WHAT IS EXPECTED: Set down every record below exactly as it stands, leaving out the pictures.

[Captioned web images]
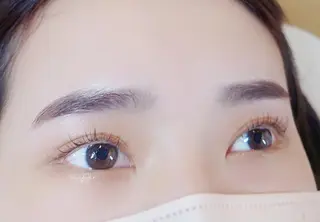 マツエク・マツパ NAZ eyelash&eyebrow by medical salon所属・NAZ 表参道 Tomokoのマツエク・マツパデザイン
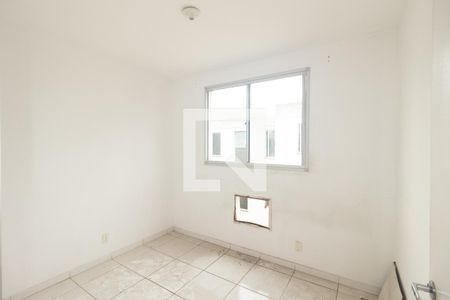 Quarto 2 de apartamento para alugar com 2 quartos, 48m² em Cosmos, Rio de Janeiro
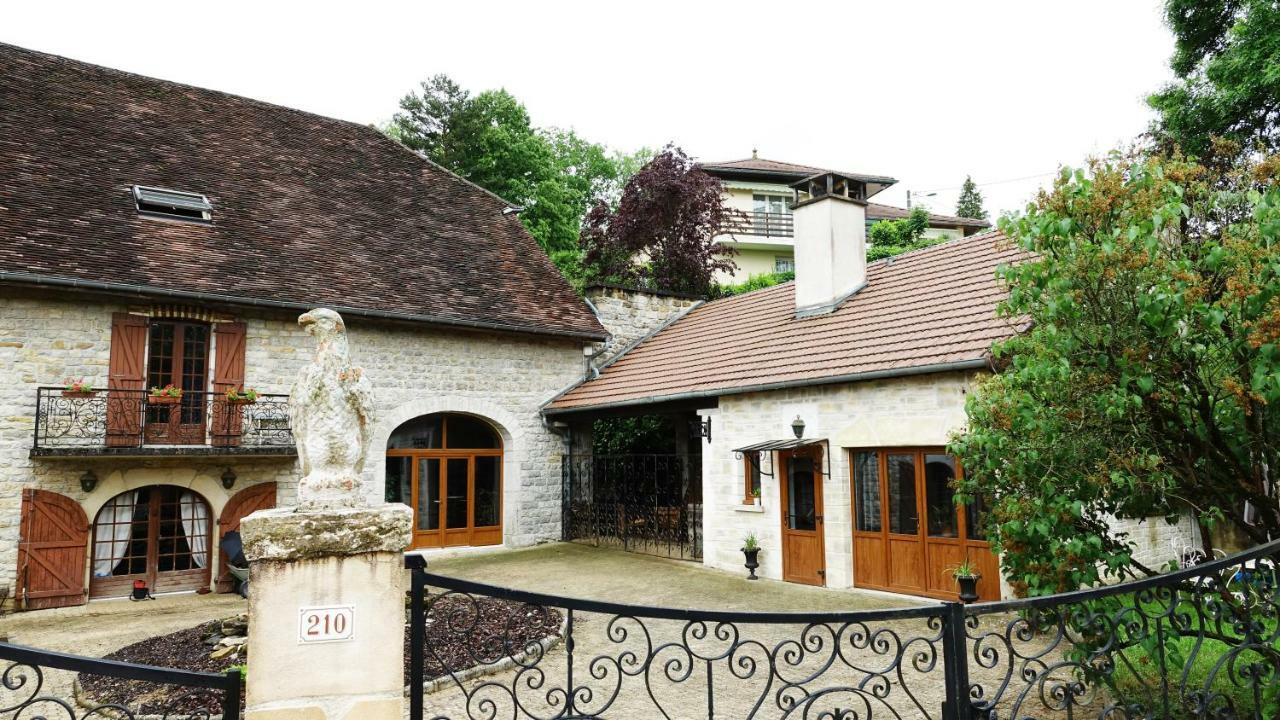 Le Vieux Pressoir Apartment Saint-Germain-lès-Arlay Exterior photo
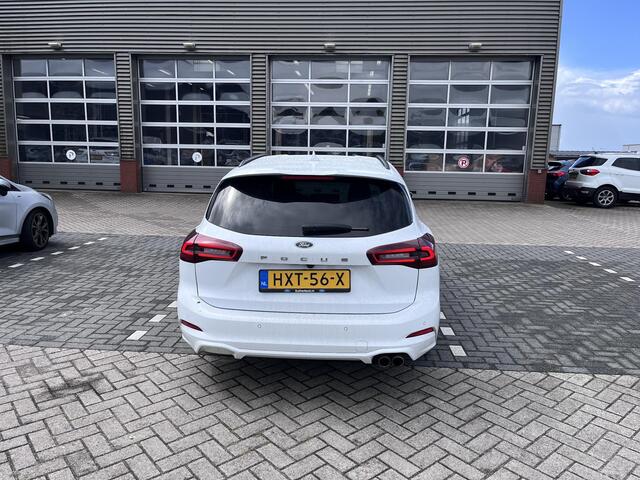 Ford FOCUS Wagon 1.0 EcoBoost Hybrid ST Line X | Automaat | Winterpack | Driver Assistance Pack | Privacy Glass | Camera
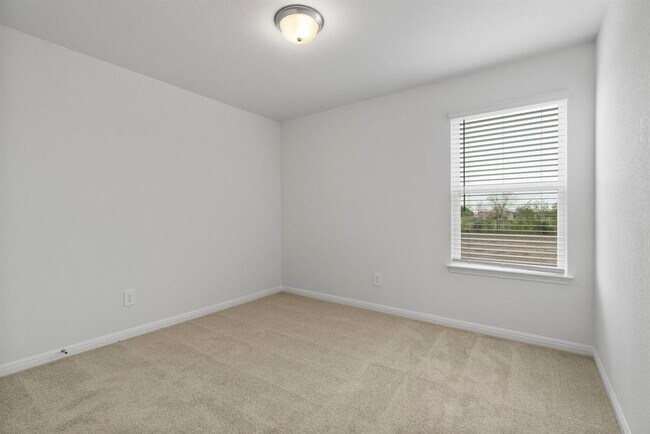 Building Photo - 104 Boondoggle Rdg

EXPECTED ANSWER:
 マツエク・マツパ NAZ eyelash&eyebrow by medical salon所属・NAZ 表参道 Tomokoのマツエク・マツパデザイン
 Quarto 2 de apartamento para alugar com 2 quartos, 48m² em Cosmos, Rio de Janeiro
 Le Vieux Pressoir Apartment Saint-Germain-lès-Arlay Exterior photo
 Ford FOCUS Wagon 1.0 EcoBoost Hybrid ST Line X | Automaat | Winterpack | Driver Assistance Pack | Privacy Glass | Camera
 Building Photo - 104 Boondoggle Rdg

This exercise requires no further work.